The cellular senescence score (CSS) is a comprehensive biomarker to predict prognosis and assess senescence and immune characteristics in hepatocellular carcinoma (HCC).

Cellular senescence, an emerging hallmark of cancer, has garnered increasing attention in recent years. However, its role in hepatocellular carcinoma (HCC) is still not well understood. Furthermore, there is a lack of comprehensive biomarkers to predict prognosis and assess senescence and immune characteristics in HCC patients. To address these gaps, we conducted functional studies on bleomycin-induced senescent Hepa1-6 cells and developed the Cellular Senescence Score (CSS) based on four core cellular senescence-related genes. We found that the cellular senescence signaling pathway was enriched among the risk genes associated with unfavorable prognosis in HCC patients. The senescence associated secretory phenotype (SASP) derived from senescent Hepa1-6 cells induced an increase in CD3 CD8 CD279 T cells. The senescent Huh7 cells expressed higher levels of pro-angiogenic genes compared to their immortal counterparts. The CSS was constructed on the basis of BMI1, EZH2, NPM1, and ME1. HCC Patients in the high-CSS group had significantly shorter overall survival compared to those in the low-CSS group. In contrast to the low-CSS group, the high-CSS group exhibited more senescence characteristics at both the overall tumor microenvironment and single-cell levels.

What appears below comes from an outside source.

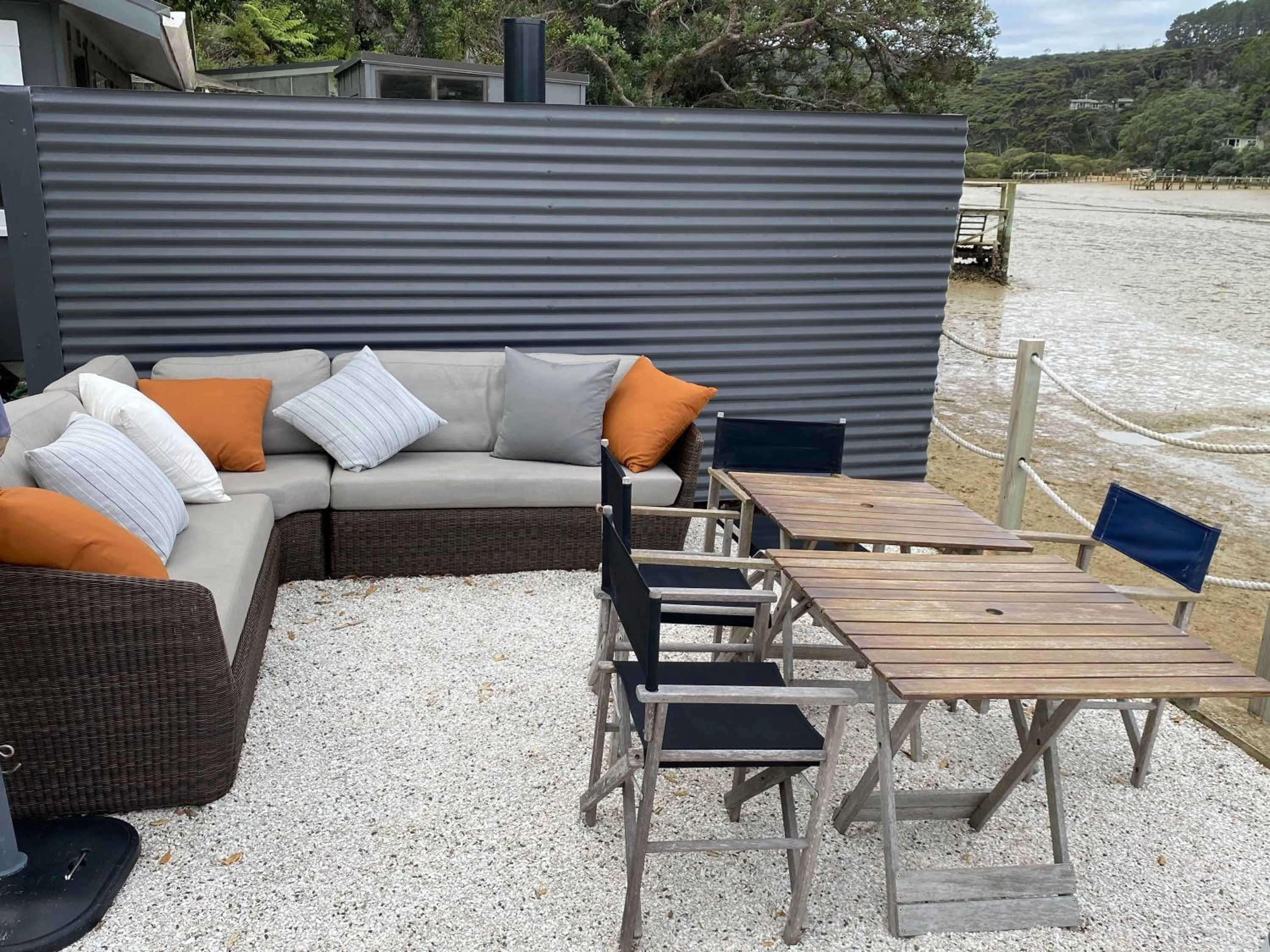 Patio in Kawau Lodge Boutique Resort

Three distinct senescence patterns were identified in hepatoma cells: oxidative stress related senescence, metabolism related senescence, and immune related senescence. The high-CSS group showed elevated TP53 mutation rate, diminished immune cell infiltration, and enhanced expression levels of immune checkpoint molecules compared to the low-CSS group. Moreover, the high-CSS group displayed a greater proportion of patients responsive to immune checkpoint therapy compared to the low-CSS group. In summary, the impacts of cellular senescence on HCC are multifaceted, and the tumor-promoting effects may be caused by SASP remodeling the HCC microenvironment rather than by the senescent hepatoma cells themselves. The CSS is a promising biomarker capable of predicting prognosis and assessing senescence and immune characteristics in HCC.